My good friend Carter's newest picture book (her first as author AND illustrator), Circle Under Berry, is out today. I've talked about it here before, but it's worth mentioning again on its publication day, since now you can go get it for yourself. It's a mindblowingly layered and deceptively simple take on storytelling, shapes, and how we see the world. Check it out!
I related deeply to everything in this Olivia Campbell essay on Lit Hub, "The Heartbreaking Ingenuity of the Mother-Writer." This especially was resonant, and a bit of a gut punch: "I see four issues converging to keep mother-writers from getting time to themselves to work: the undervaluing of writing (especially that done by women), the minimization of women’s writing as a hobby, the underestimation of the labor involved in childcare, and the cultural expectation that mothers dedicate themselves and their attention to their children alone."

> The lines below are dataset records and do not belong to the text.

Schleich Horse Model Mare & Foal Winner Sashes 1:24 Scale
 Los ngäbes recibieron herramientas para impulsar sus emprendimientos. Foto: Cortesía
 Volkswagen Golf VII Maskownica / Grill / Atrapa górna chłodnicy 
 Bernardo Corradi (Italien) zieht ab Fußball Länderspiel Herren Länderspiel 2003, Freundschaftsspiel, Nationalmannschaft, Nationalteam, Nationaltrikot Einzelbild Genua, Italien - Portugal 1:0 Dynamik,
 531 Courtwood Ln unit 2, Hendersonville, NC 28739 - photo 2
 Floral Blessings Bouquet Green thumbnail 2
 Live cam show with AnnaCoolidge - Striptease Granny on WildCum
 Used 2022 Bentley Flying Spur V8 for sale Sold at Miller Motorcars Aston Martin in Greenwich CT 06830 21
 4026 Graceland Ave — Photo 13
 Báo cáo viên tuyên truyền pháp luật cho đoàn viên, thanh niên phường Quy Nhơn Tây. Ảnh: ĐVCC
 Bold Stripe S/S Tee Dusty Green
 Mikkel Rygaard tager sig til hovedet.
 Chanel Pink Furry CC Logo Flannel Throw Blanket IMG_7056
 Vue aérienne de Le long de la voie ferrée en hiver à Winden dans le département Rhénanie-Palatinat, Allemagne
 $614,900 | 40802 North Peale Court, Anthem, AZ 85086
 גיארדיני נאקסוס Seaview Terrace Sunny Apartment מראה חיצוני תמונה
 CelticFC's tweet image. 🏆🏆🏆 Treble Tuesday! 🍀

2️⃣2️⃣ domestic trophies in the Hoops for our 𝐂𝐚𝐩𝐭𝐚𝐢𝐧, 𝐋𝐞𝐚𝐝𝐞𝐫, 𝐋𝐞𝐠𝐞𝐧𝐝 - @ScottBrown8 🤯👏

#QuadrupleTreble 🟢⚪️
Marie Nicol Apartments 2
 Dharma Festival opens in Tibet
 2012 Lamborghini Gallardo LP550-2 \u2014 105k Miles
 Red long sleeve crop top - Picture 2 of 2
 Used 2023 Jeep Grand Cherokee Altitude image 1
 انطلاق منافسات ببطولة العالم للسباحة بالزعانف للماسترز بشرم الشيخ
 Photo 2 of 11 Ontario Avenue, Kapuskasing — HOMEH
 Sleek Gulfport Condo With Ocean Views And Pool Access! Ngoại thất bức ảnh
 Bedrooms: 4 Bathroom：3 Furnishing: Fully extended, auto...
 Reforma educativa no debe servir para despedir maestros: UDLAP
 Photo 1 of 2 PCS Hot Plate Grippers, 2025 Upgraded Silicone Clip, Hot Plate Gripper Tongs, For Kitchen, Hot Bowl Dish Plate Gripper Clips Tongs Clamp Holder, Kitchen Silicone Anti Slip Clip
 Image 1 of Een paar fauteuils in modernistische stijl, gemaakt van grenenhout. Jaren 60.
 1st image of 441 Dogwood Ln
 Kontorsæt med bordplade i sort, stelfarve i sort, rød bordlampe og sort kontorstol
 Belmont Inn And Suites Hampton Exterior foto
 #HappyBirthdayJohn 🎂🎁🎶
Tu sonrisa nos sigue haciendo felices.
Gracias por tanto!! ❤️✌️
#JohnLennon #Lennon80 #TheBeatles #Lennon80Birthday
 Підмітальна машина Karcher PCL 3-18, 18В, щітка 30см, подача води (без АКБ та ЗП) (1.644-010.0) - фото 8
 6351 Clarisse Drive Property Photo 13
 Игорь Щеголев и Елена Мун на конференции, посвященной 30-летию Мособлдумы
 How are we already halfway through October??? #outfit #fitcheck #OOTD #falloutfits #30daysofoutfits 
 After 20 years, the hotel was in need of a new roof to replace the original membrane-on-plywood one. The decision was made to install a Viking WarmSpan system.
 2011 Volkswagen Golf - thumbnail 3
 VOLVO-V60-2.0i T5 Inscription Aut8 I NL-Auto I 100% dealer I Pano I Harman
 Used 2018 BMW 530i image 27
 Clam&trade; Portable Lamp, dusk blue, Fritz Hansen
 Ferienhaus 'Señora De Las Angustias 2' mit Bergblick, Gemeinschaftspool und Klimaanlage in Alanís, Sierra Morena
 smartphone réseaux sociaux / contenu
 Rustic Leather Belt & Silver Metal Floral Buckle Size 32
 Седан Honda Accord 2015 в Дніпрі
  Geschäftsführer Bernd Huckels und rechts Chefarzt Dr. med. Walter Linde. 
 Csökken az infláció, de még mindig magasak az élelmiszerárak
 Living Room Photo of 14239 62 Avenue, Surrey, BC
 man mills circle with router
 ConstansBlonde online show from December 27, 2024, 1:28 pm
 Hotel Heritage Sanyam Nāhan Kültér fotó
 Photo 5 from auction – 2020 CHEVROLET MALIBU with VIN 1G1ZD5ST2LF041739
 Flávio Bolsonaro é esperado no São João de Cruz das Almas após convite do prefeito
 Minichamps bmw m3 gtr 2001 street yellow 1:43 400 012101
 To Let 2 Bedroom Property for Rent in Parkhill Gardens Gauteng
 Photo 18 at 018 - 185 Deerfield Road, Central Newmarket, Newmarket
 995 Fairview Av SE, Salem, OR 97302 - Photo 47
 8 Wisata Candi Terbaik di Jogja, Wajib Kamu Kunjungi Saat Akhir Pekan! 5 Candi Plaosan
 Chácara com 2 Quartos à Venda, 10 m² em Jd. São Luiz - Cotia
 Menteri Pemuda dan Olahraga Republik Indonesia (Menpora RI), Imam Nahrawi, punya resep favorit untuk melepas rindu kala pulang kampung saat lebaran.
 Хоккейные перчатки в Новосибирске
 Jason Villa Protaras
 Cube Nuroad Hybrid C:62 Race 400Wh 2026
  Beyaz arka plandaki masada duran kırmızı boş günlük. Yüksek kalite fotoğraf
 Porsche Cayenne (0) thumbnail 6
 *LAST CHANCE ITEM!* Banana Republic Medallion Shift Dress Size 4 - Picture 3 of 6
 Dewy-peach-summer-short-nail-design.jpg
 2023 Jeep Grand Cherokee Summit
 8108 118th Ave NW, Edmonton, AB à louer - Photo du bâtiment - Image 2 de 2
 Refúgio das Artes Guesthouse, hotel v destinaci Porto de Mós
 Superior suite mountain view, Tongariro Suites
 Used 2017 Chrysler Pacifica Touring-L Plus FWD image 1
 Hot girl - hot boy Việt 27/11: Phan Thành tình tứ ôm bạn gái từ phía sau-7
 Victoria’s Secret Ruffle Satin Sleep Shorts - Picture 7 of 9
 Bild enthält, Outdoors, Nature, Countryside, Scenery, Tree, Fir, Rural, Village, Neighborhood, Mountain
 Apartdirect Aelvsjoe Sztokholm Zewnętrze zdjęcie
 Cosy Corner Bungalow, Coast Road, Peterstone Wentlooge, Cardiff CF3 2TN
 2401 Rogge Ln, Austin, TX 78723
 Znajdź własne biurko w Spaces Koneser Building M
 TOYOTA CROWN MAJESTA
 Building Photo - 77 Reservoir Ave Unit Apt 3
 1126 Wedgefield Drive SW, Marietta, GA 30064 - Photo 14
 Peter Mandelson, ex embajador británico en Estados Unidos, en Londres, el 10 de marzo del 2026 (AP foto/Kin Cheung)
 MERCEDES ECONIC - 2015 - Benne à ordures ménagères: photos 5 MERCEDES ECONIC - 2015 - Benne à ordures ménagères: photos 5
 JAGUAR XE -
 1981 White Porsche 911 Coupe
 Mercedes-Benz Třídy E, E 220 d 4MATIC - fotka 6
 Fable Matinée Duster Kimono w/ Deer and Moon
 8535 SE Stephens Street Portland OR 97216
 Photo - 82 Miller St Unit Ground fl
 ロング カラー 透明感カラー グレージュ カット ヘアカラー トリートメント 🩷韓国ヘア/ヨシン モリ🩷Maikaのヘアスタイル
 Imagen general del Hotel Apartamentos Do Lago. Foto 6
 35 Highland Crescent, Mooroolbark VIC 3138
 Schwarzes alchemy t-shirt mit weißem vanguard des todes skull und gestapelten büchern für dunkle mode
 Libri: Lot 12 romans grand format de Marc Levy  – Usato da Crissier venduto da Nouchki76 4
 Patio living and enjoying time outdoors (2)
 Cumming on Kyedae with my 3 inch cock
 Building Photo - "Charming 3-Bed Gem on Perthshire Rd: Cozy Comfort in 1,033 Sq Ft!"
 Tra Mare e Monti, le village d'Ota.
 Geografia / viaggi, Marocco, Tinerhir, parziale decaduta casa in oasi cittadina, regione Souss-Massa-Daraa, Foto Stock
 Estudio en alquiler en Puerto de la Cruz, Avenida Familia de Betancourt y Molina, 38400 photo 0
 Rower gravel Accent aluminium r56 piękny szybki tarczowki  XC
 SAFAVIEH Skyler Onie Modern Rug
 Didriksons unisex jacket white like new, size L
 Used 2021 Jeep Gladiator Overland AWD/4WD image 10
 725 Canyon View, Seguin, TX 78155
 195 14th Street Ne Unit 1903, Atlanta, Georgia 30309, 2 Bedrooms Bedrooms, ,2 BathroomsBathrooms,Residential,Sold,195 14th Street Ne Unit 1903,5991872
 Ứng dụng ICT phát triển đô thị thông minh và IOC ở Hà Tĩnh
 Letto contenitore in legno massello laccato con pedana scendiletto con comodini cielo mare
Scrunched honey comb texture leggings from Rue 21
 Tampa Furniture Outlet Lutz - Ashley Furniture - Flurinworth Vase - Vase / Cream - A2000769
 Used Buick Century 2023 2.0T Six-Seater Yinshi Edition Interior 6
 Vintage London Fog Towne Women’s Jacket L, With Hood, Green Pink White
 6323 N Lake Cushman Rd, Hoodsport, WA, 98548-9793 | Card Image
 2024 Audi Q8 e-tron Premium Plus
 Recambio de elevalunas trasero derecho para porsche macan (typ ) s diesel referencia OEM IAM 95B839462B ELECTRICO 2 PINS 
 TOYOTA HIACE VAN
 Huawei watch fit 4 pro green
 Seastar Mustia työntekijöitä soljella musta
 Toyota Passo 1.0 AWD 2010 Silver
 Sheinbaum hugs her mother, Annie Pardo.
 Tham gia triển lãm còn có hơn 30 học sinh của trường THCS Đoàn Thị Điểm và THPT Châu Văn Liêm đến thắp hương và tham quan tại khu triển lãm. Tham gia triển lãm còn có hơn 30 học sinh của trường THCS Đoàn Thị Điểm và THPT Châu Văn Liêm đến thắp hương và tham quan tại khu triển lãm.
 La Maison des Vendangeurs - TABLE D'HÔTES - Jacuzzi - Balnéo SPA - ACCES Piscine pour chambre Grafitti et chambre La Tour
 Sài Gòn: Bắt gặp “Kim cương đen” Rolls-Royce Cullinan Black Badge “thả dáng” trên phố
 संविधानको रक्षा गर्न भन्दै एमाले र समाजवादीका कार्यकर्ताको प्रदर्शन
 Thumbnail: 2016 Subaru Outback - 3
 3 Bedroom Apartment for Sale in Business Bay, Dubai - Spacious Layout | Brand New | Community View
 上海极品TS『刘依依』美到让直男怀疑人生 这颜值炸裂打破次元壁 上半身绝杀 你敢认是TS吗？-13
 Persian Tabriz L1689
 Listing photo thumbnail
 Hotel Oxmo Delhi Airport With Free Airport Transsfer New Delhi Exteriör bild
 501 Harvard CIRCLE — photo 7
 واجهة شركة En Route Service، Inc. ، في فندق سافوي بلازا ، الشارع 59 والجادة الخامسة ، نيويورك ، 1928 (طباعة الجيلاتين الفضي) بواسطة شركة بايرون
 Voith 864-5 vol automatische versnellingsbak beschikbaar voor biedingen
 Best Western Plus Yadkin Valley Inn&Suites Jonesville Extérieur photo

I didn't realize that I had strong feelings about coasters until I moved into my writing shed. My old coasters were falling apart and leaving black marks all over my new Ikea desk. I grabbed some coasters from the house, but they kept sticking to my iced coffee glass, and I'm sure it's because of These Times We Live In, but every time it happened, I'd get irrationally angry. "How dare you not do your job, coaster? Stay on the desk, darnit!" I ordered some gorgeous stone coasters from Tramake, and now I have no coaster rage. I love them and recommend them if you want coasters that look cool, absorb condensation, and stay on the desk/table.
It's no secret I love tarot cards and oracle decks. I have a habit of backing Kickstarter campaigns and then completely forgetting about them, so when the deck arrives, it's this weird gift from my past self. Apparently I backed the Moon Baby Tarot Kickstarter, and while I did not need another tarot deck (yeah, sure), this is my new favorite. It's based on the Hoi Polloi deck from 1973, which I read about years ago but never got because I don't want an old, possibly incomplete deck. The Moon Baby Tarot reminds me of flipping through vinyl albums or looking at any magazine in 1975 (in a good way). I also got the Visionary Oracle deck, which I'm completely obsessed with. It says it's for asking "what do I need to know right now to align with my highest creative self?" The cards are broad things like "boundaries" and "vulnerability" but the accompanying guidebook relates them specifically to creativity. I've only had it a few days, but so far all of my daily card pulls have been ridiculously spot on.
Are you watching "Only Murders in the Building" on Hulu? We started watching it because I'll watch anything with Steve Martin in it. It's a modern take on a Hardy Boys mystery, but with some fun slightly-surreal bits. I think you'll like it.